> _WORK TO COMPLETE_:
The material below includes pictures; leave them out and return only the lines between the line containing "Shower Mixer Taps" and the line containing "13 STAR APPAREL", inclusive, word for word.

> _RECORD EXCERPTS_:
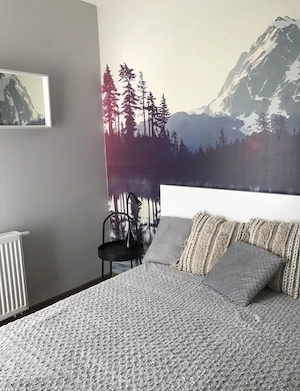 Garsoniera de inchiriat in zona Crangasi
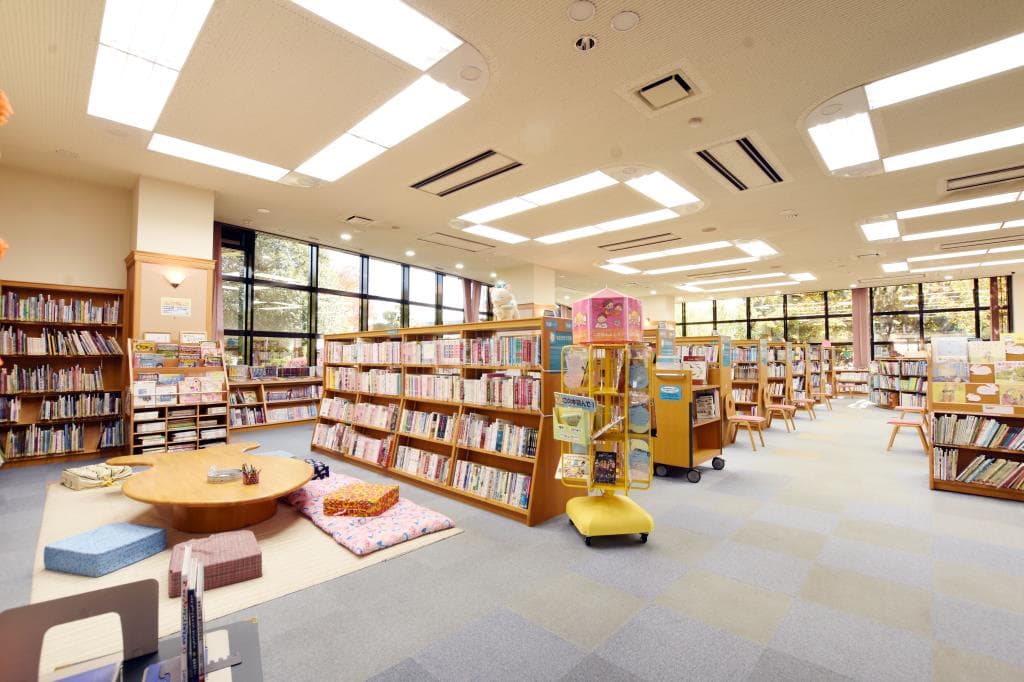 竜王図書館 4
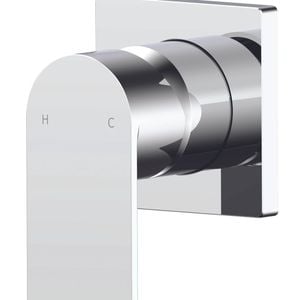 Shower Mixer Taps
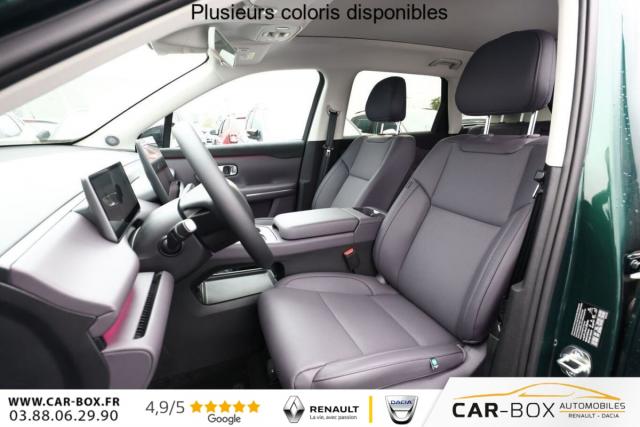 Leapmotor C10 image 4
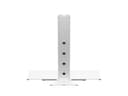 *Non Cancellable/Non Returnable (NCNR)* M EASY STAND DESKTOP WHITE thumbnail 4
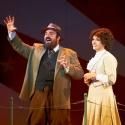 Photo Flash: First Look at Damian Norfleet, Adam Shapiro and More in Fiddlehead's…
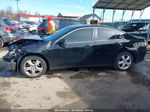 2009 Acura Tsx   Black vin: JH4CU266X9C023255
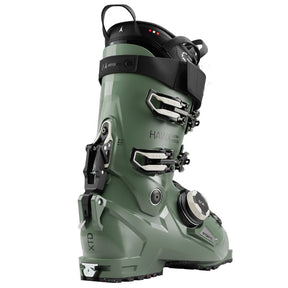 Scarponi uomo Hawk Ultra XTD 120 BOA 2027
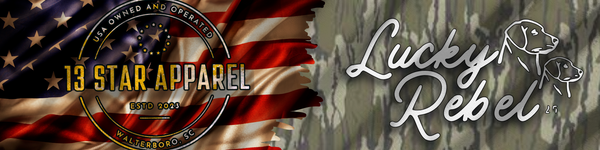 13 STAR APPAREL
==
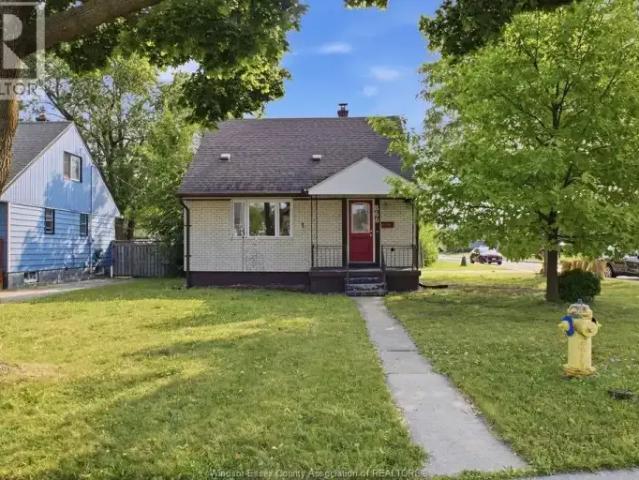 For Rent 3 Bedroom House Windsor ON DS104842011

> _COMPLETED TASK_:
 Shower Mixer Taps
 Leapmotor C10 image 4
 *Non Cancellable/Non Returnable (NCNR)* M EASY STAND DESKTOP WHITE thumbnail 4
 Photo Flash: First Look at Damian Norfleet, Adam Shapiro and More in Fiddlehead's…
 2009 Acura Tsx   Black vin: JH4CU266X9C023255
 Scarponi uomo Hawk Ultra XTD 120 BOA 2027
 13 STAR APPAREL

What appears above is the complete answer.